Peter Schubart von Ehrenberg explained

Peter Schubart von Ehrenberg (born 1668) was a painter and stage designer active in Vienna in the early eighteenth century, and the son of the perspective painter Wilhelm Schubert van Ehrenberg.[1] His known works are ephemeral decorations for courtly celebrations, such as the temporary triumphal arches celebrating the ages of kings and emperors from Charlemagne to Charles VI of Austria (1701–2), and designs for engravings.[2] In 1711 he designed a castrum doloris that was erected in St.

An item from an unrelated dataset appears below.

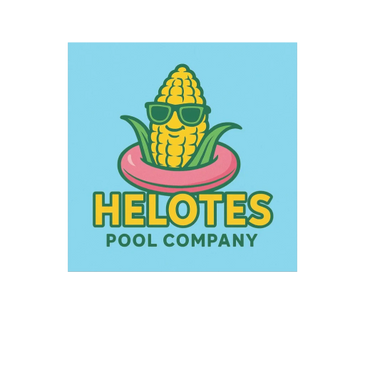 Helotes Pool Company logo.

Stephen's Cathedral, Vienna for the funeral of Emperor Joseph I.[3]

Notes and References

  1. http://www.getty.edu/vow/ULANFullDisplay?find=Ehrenberg&role=&nation=&prev_page=1&subjectid=500087993 "Ehrenberg, Peter Schubert von" Getty Union List of Artist Names
  2. P. M. Daly and G. R. Dimler (1997), The Jesuit series, Corpus librorum emblematum, Montreal: McGill-Queen's University Press: pp. 46; 64.
  3. Barbara Chabrowe, "On the Significance of Temporary Architecture," in The Burlington Magazine, vol. 116, No. 856. (Jul., 1974): p. 386 n. 4.